Lors des élections, les gens sont contents d’entendre quelqu’un promettre des baisses d’impots; la personne est élue et baisse les impots sans en expliquer les conséquences; quelques années après, on se rend compte que les caisses des communes sont vides et qu’elles ne peuvent plus payer l’éclairage public ou l’entretien des écoles ou les projets de transition écologique. Le citoyen a obtenu ce qu’il voulait, il faut en assumer tous ses aspects, bons et mauvais.
Macron il est trop bien il a baissé mes impôts je l’aime trop cœur cœur.
Moi aussi je peux être généreux avec l’argent des autres, hein.
Ça fait partie d’un mouvement global d’étatisation de tout, les retraites, la sécu, et c’est aussi un démantèlement très grave de la démocratie, ne vous y trompez pas, par la réduction du pouvoir de décision des élus locaux au profit des communautés d’agglo (auxquelles personne ne comprend rien et qui cumulent de plus en plus de pouvoir), après la démolition du pouvoir de négociation et de décision des corps intermédiaires.
Comment ça peut lui revenir en boomerang exactement ? Ses sbires ne tiennent pas beaucoup de mairies, et à part si LR décide de voter des motions de censure il ne va rien se passer pour lui.

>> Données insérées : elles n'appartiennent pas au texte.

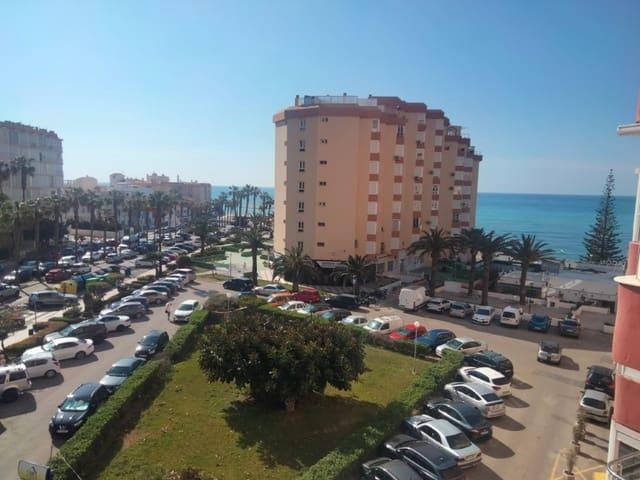 Apartamento en venta en Torrox Costa, Málaga Costa del Sol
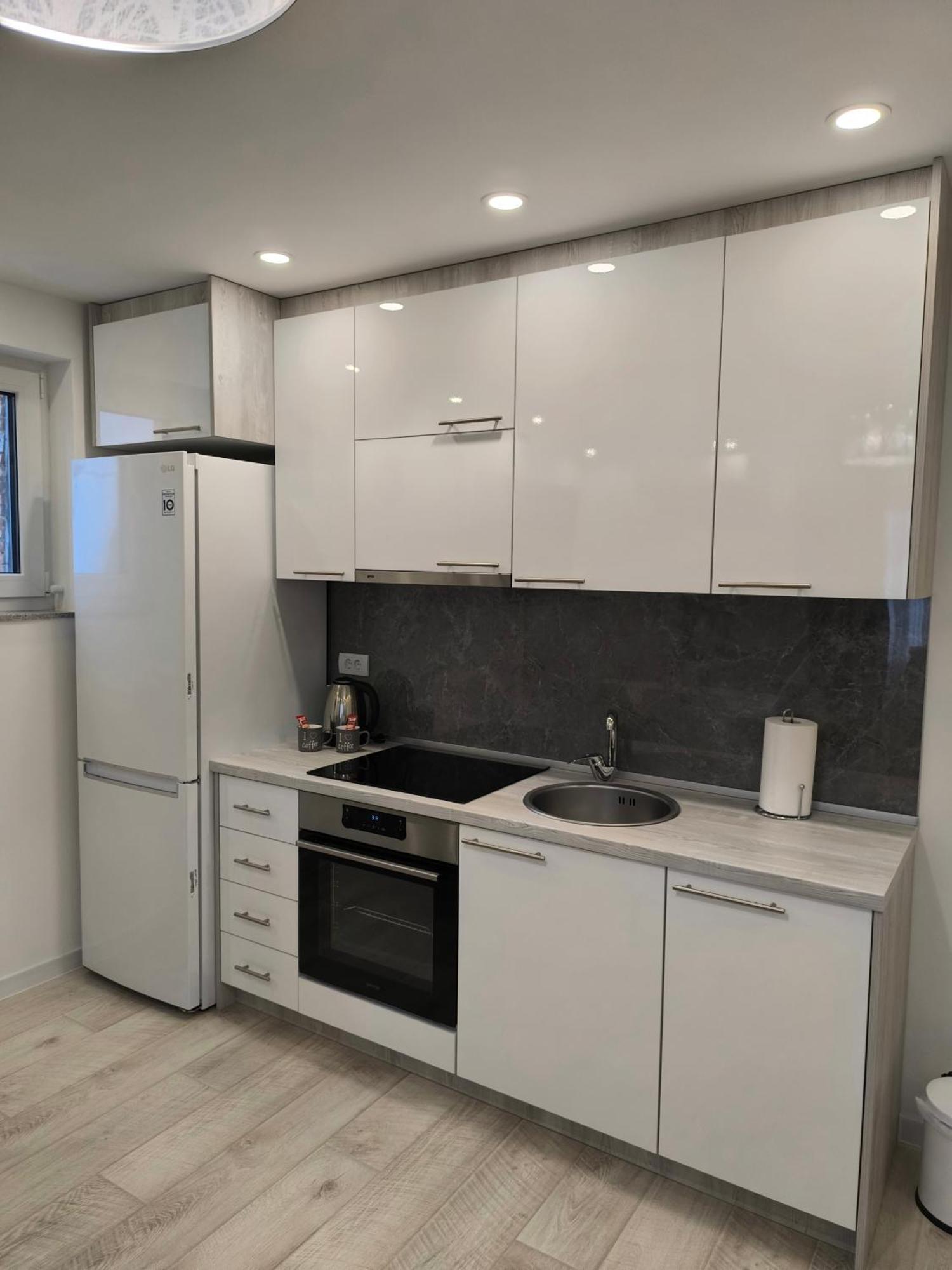 City Break Apartment بانيا لوكا المظهر الخارجي الصورة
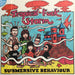 Tropical Fuck Storm – Submersive Behaviour LP vinyl record, image 1 of 6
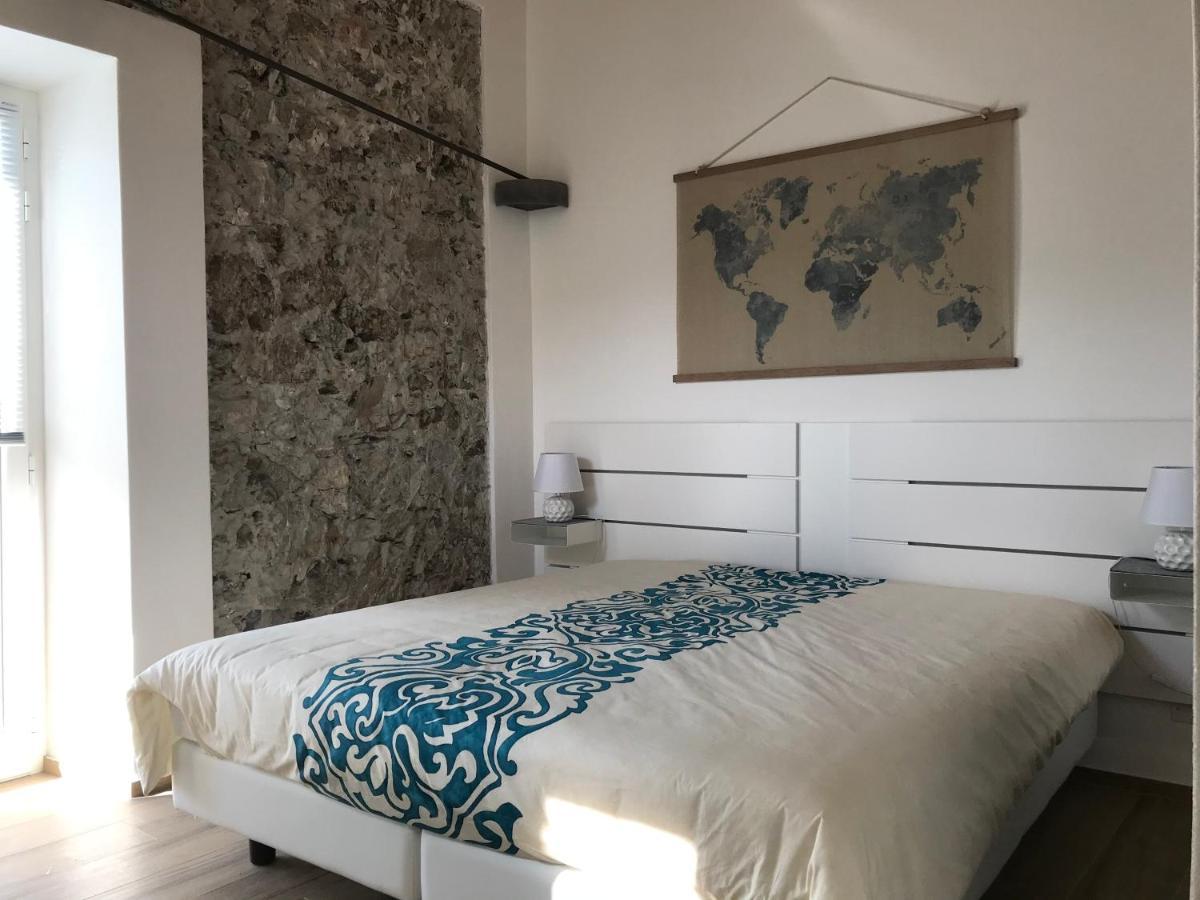 Agriturismo Sancristoforo Levanto Dış mekan fotoğraf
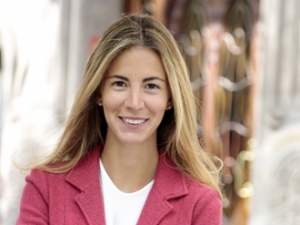 Claudia Ambros Biern avocate collaboratrice M&B Avocats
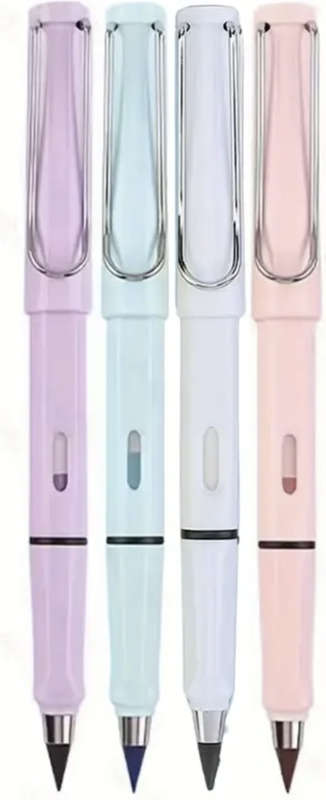 13pcs Eternity Pencil Combo (White)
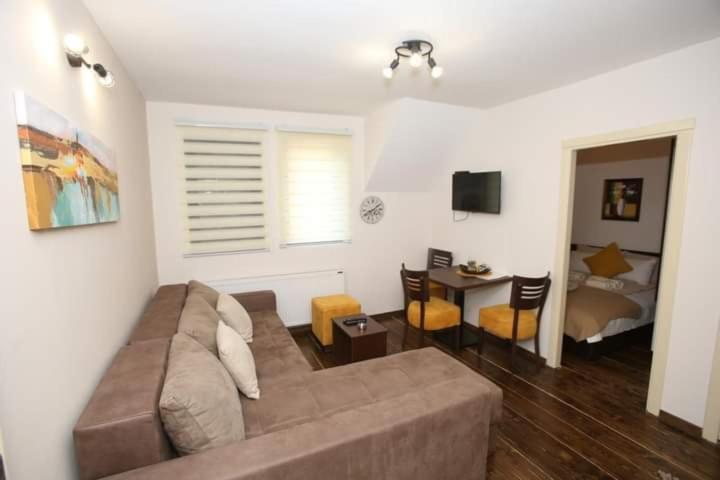 Apartmani Sunce Stara Planina Crni Vrh Экстерьер фото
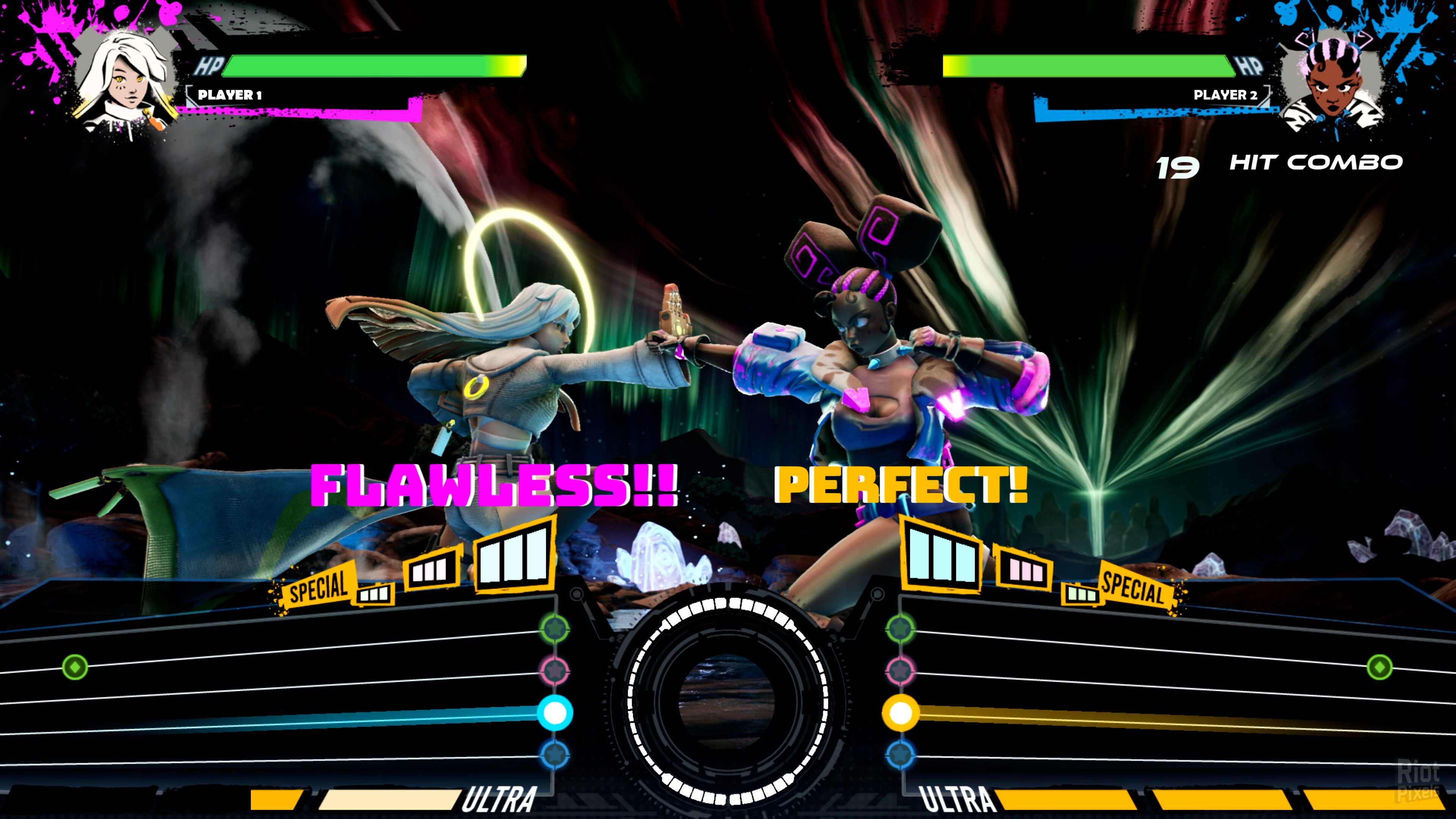 [5]-God of Rock – v3110 Download-HohohoGames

On oubliera rapidement que c’est le report de la suppression de la TH (entre autres) qui est à l’origine de la hausse de la TF. Et ce sera alors l’occasion de taper sur ces maires dépensiers, pas comme nos candidats Renaissance qui promettent d’être très sérieux avec l’argent du contribuable…
> les maires n’ont plus qu’un seul impôt local sur lequel agir : la taxe foncière, payée par les propriétaires de biens immobiliers.
Noooooon, pas l’électorat ! C’est vraiment terrible ce qu’il se passe dans ce pays.